Scraped caption text data
= Beginning of Section =

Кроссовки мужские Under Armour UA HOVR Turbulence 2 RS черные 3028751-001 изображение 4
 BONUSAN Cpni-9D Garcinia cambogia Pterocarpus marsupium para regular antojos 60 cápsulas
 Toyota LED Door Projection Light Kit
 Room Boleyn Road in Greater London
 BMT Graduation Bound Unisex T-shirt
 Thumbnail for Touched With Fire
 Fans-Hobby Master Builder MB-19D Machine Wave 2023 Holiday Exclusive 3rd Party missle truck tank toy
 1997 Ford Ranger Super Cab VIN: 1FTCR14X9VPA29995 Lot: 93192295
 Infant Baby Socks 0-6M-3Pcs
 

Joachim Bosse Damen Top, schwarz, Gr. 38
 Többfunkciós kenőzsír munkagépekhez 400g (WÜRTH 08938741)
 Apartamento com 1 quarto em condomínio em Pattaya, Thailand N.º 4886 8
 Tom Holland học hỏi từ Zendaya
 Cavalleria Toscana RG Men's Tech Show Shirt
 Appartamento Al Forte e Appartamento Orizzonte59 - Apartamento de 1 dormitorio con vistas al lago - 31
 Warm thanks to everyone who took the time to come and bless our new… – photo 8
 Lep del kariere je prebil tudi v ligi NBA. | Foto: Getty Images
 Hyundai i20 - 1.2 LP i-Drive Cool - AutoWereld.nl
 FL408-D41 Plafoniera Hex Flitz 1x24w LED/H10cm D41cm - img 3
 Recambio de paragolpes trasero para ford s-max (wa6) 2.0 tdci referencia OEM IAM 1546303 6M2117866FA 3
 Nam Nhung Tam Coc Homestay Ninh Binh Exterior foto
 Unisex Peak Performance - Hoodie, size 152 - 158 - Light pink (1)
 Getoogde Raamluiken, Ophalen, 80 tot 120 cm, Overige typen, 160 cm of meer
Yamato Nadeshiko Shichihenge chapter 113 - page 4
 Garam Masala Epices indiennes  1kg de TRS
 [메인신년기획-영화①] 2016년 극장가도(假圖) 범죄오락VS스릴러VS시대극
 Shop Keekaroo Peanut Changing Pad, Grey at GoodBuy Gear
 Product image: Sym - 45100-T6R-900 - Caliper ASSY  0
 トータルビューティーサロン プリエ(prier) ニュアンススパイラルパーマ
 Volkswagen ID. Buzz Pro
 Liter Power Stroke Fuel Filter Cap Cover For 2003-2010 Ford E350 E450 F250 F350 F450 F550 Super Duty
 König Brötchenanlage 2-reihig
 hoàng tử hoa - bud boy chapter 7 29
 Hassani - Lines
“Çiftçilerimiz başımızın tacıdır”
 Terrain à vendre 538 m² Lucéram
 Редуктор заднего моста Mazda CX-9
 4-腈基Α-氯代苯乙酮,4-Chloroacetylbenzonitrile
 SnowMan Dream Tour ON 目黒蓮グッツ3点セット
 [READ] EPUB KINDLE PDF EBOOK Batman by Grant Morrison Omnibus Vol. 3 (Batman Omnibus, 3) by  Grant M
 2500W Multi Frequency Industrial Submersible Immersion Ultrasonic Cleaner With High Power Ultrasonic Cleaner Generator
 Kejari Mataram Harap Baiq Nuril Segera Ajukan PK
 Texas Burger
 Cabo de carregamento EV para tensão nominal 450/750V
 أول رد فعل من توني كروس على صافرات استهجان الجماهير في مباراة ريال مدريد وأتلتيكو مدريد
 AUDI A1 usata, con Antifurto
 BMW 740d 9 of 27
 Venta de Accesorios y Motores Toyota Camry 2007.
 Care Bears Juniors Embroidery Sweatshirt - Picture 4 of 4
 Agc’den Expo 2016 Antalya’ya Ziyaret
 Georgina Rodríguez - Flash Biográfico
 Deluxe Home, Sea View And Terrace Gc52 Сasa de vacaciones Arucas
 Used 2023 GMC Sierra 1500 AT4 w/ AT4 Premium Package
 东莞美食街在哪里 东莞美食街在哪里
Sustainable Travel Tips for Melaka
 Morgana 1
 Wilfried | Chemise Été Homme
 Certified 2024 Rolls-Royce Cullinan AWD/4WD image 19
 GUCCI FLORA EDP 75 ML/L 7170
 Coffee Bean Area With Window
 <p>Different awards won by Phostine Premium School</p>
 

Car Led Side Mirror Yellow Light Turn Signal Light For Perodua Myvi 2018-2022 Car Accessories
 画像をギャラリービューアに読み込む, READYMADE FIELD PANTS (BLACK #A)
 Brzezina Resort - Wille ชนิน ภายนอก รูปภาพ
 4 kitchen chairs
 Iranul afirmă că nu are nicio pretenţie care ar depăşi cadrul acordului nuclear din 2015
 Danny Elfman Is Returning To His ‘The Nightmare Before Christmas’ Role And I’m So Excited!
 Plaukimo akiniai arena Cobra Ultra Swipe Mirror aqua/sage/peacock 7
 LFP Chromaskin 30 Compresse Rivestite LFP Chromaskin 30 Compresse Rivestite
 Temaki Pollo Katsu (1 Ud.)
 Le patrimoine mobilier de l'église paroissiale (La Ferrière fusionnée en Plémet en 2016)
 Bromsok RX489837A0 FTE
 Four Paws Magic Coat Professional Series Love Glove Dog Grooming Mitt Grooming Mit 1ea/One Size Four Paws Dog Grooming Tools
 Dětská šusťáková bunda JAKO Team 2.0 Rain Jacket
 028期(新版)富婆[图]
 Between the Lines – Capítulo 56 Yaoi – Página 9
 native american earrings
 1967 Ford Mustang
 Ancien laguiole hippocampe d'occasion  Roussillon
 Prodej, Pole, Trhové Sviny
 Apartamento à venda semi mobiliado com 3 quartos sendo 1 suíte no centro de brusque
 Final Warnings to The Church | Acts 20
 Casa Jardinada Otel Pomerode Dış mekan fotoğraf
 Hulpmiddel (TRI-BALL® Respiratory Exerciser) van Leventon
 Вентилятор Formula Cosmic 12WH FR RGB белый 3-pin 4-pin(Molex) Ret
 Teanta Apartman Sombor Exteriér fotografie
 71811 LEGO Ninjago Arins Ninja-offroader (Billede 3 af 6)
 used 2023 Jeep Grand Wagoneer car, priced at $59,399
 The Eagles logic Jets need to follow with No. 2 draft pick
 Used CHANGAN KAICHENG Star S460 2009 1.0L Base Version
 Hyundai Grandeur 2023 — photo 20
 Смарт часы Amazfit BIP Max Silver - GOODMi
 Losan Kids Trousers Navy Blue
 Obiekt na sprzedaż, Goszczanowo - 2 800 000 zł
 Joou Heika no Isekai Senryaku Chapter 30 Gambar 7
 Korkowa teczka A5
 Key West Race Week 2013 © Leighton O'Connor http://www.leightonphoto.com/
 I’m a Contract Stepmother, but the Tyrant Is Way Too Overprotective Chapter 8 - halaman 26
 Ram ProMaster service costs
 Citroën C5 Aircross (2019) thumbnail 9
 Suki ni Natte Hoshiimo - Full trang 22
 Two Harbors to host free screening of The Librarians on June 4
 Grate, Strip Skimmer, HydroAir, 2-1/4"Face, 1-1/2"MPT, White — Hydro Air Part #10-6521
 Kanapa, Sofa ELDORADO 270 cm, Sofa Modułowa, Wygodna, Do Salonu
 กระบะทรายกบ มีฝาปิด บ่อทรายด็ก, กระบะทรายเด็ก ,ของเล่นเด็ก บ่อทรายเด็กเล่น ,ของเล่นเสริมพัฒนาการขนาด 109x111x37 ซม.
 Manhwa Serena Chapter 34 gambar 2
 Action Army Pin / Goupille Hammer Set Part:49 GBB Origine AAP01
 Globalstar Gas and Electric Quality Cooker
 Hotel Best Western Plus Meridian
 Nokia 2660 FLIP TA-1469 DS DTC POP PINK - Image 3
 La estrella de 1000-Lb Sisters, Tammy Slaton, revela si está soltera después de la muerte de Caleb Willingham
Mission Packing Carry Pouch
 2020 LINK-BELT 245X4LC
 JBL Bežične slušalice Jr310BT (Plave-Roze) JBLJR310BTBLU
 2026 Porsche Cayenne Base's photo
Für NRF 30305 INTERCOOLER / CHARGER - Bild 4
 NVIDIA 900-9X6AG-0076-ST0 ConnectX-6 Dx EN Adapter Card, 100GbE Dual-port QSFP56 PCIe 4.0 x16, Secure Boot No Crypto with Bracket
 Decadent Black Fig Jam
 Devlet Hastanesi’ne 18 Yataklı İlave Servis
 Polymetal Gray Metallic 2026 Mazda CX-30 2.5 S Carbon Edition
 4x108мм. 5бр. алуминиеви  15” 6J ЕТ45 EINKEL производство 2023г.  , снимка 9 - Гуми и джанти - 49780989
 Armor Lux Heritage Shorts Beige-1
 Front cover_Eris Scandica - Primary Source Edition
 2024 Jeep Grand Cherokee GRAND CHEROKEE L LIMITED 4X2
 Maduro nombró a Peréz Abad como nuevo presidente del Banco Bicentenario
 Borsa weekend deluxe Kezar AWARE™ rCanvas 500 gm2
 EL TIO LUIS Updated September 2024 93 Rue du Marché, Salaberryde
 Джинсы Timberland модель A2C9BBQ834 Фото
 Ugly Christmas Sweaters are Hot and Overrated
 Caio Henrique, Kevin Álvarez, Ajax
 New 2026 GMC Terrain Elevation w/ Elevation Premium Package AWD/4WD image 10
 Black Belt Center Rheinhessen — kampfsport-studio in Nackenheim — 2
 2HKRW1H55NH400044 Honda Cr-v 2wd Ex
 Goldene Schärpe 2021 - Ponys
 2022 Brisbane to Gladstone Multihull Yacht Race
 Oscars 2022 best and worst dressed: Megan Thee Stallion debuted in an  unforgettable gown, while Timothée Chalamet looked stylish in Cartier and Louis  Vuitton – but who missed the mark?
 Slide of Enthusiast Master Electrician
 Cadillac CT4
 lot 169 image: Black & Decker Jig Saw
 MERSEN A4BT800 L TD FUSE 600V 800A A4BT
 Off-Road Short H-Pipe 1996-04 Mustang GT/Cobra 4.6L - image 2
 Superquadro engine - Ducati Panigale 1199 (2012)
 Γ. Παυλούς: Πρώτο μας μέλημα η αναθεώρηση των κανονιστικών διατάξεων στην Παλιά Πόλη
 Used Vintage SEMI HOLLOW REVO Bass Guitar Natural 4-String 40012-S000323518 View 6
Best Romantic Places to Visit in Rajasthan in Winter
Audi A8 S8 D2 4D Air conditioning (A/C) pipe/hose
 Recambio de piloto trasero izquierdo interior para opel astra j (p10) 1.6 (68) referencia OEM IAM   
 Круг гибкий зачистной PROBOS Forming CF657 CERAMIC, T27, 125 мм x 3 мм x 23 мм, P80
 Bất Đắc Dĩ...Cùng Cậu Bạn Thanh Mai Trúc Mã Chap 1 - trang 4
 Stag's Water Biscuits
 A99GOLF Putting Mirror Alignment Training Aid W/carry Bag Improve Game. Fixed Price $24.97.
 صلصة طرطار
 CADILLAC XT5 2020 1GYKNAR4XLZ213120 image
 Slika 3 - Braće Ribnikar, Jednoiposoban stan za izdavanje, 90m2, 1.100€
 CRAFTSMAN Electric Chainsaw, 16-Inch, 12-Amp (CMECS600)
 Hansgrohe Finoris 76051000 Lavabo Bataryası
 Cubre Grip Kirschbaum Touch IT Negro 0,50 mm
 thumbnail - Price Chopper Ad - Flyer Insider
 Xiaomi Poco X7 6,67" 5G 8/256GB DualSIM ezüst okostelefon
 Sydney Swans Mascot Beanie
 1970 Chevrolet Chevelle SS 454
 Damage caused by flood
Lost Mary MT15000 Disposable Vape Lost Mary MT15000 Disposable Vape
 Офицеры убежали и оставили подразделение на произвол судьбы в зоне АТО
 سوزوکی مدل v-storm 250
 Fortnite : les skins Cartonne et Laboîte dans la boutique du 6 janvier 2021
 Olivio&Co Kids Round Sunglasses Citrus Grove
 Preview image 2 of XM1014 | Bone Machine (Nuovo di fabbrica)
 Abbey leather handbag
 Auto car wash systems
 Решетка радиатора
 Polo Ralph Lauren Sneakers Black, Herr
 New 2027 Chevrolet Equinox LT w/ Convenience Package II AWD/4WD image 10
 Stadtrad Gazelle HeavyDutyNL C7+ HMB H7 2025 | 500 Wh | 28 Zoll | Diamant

= End of Section =

Task brief: Scan the records for the string "Package" and show every line that contains it.

Problem solution:
 Used 2023 GMC Sierra 1500 AT4 w/ AT4 Premium Package
 New 2026 GMC Terrain Elevation w/ Elevation Premium Package AWD/4WD image 10
 New 2027 Chevrolet Equinox LT w/ Convenience Package II AWD/4WD image 10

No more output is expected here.